Une fois au nord, un pays étrangement désertique émerge. Il n’y a pas de village en vue, ni de bétail dans les champs. On pourrait croire que le pays entier est endormi. Aucun stigmate de guerre n’est apparent, sinon quelques squelettes de huttes, tout ayant déjà été détruit et envahi par les herbes sauvages.
Après 20 ans de conflit, le nord du pays n’est plus que l’ombre de lui-même : c’est tout le tissu social qui est détruit, toutes les ressources qui ont été gangrenées, tout un peuple qui se meurt à petit feu.

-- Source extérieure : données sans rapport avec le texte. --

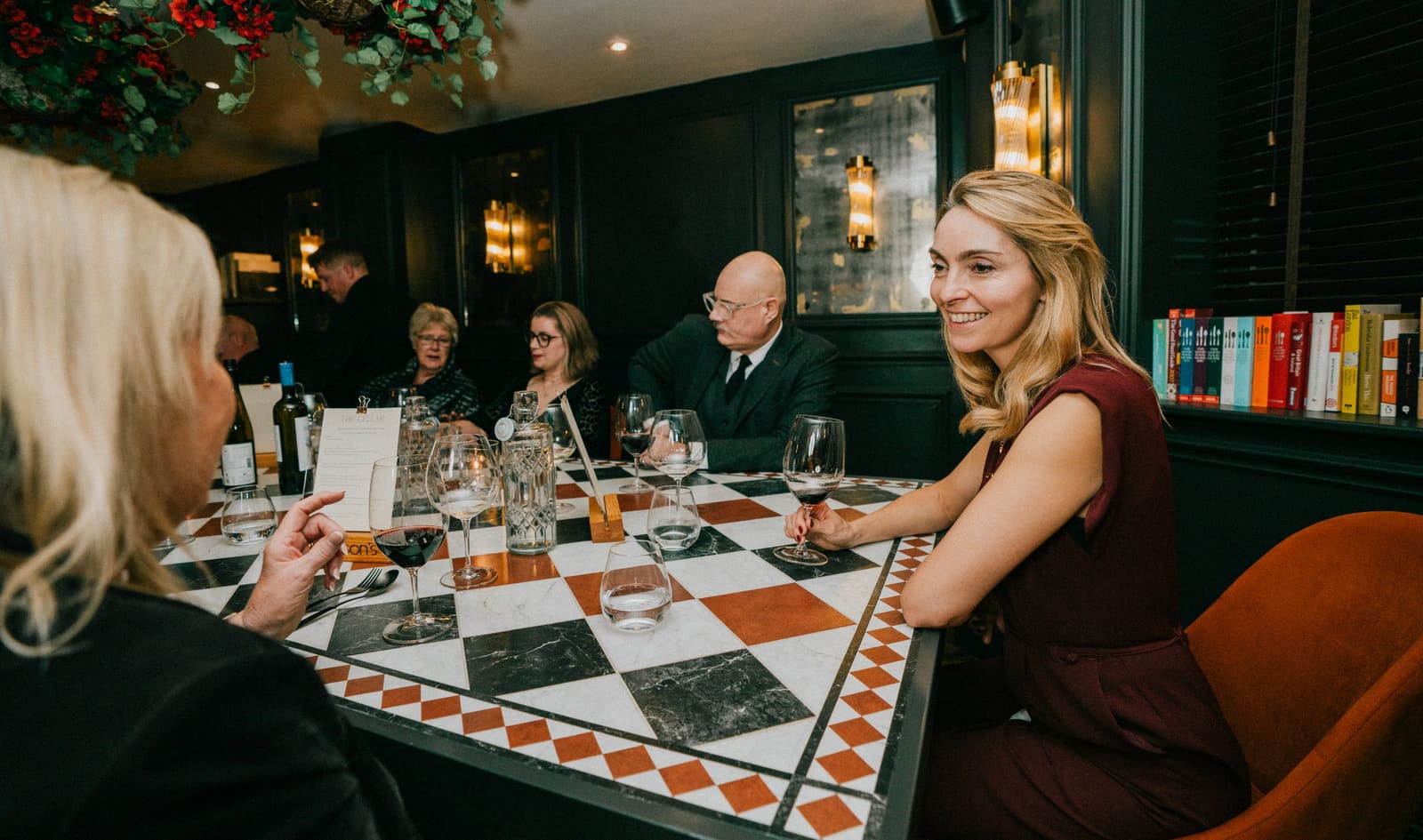 Guests at the long table in The Cellar, beside the glass-fronted wine cellar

Je n’arrivais pas à croire que ce conflit, qui éventre le pays depuis 20 ans, reçoive si peu d’attention.
L’Ouganda et son peuple nous forcent à reformuler notre définition de la guerre, trop souvent réduite à une imagerie violente. En Ouganda, on assiste à une destruction en chaîne — extraordinaire mais pas spectaculaire — de toute la société nord-ougandaise. Je souhaitais donc faire un film personnel qui ne se contenterait pas d’exposer le conflit, mais qui le ferait vivre de l’intérieur à travers le point de vue de ses gens.
C’est leur histoire qui constitue le point de départ de ce film. Celui-ci nous mène vers des personnages qui, chacun à leur façon, subissent au quotidien les affres de la guerre, mais qui préservent leur humanité grâce à leur résistance. Ces personnages aux histoires racontées en parallèle convergent vers une même réalité : celle d’une guerre insidieuse mais pérenne, sans grands éclats mais omniprésente, nourrie par des intérêts politiques inavouables mais manifestes.
À ce jour, personne au nord du Nil n’a été épargné, des enfants aux vieillards. Mais rarement a-t-on vu une guerre recevoir si peu d’écho. Il suffit pourtant de traverser le Nil pour entendre des voix percer le silence. Un silence aussi inexplicable qu’embarrassant.